Storm forming over our house |
I'll be teaching two sessions of a workshop at our coming conference in Green Lake, Wisconsin, that I'm calling "Where Was God when the Tornado Came?" Here's the description:
WHERE
WAS GOD WHEN THE TORNADO CAME? How do we respond when
someone asks us a question like this? In
this workshop we will see how the reality of God as all-loving, all-powerful,
and all-knowing is compatible with the existence of moral and natural evil, and
why belief in such a God makes the best worldview-sense of moral and natural
evil. Led by John Piippo.
I'll be bringing in materials from my "problem of evil" sections in my MCCC philosophy of religion classes. I've been studying this issue for decades, and am now putting it together in an hour and a half package.
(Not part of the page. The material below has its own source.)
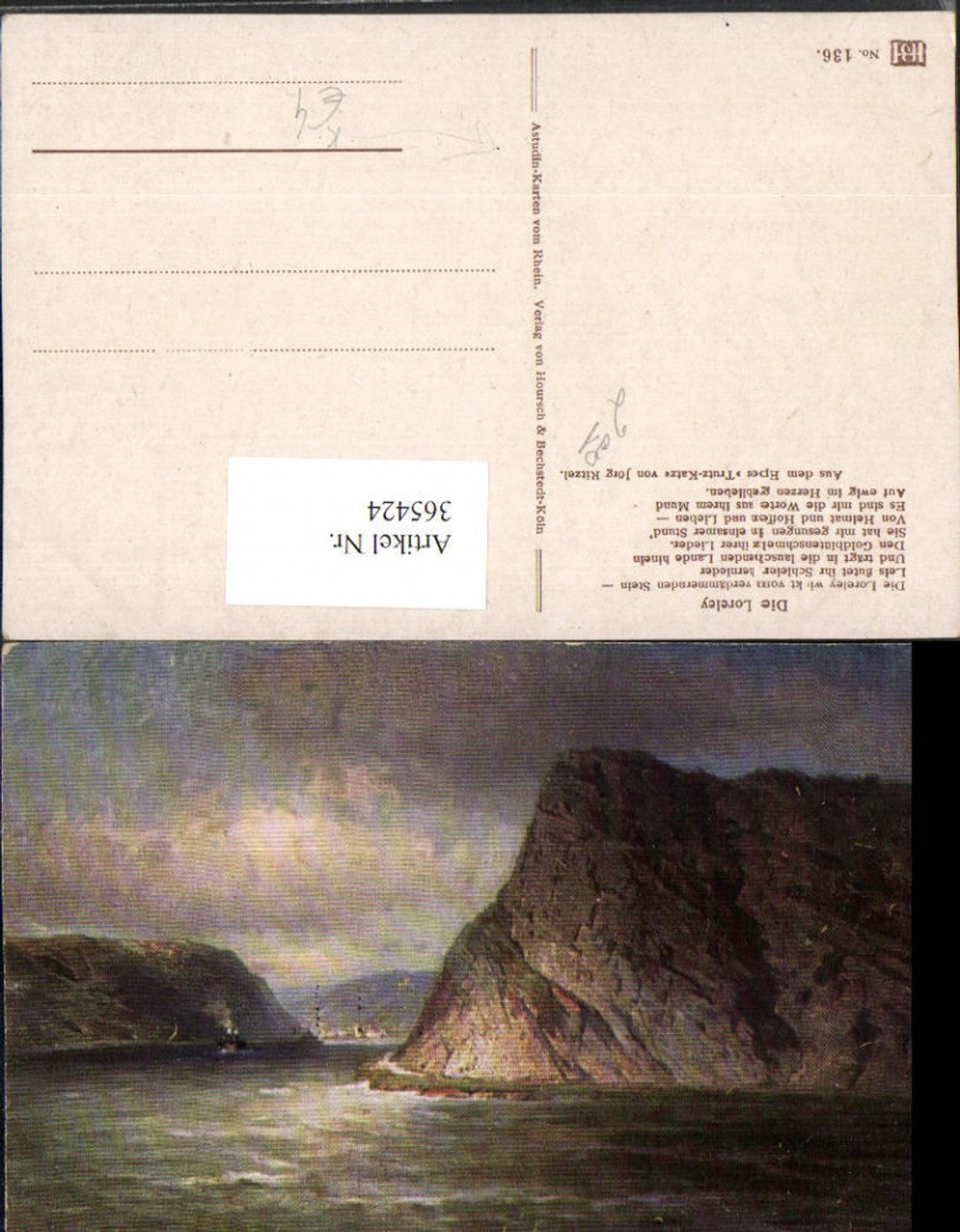 365424,Künstler AK N. Astudin Die Loreley Felsen b. St. Goarshausen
I'm reading two new (to me) texts that are excellent:
- Nature Red in Tooth and Claw, by Michael J. Murray. Murray's book is on the problem of animal suffering, and brings in the issue of natural evil. (Note: Greg Boyd's warfare worldview denies the distinction between moral evil and natural evil, arguing that all evil is due to the free choices of created agents.)
- The Problem of Evil, by University of Notre Dame philosopher Peter Inwagen. Inwagen is brilliant and his writing is challenging.
I looking forward to presenting this.